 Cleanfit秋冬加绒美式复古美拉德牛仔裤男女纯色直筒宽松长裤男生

___

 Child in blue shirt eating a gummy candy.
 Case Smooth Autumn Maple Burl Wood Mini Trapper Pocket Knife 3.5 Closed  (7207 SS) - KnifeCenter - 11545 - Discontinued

___

Out of the material above, output word for word the line with "Child in blue shirt eating a gummy candy.", the line with "Case Smooth Autumn", and all lines between them, with nothing else.

**Written solution**
 Child in blue shirt eating a gummy candy.
 Case Smooth Autumn Maple Burl Wood Mini Trapper Pocket Knife 3.5 Closed  (7207 SS) - KnifeCenter - 11545 - Discontinued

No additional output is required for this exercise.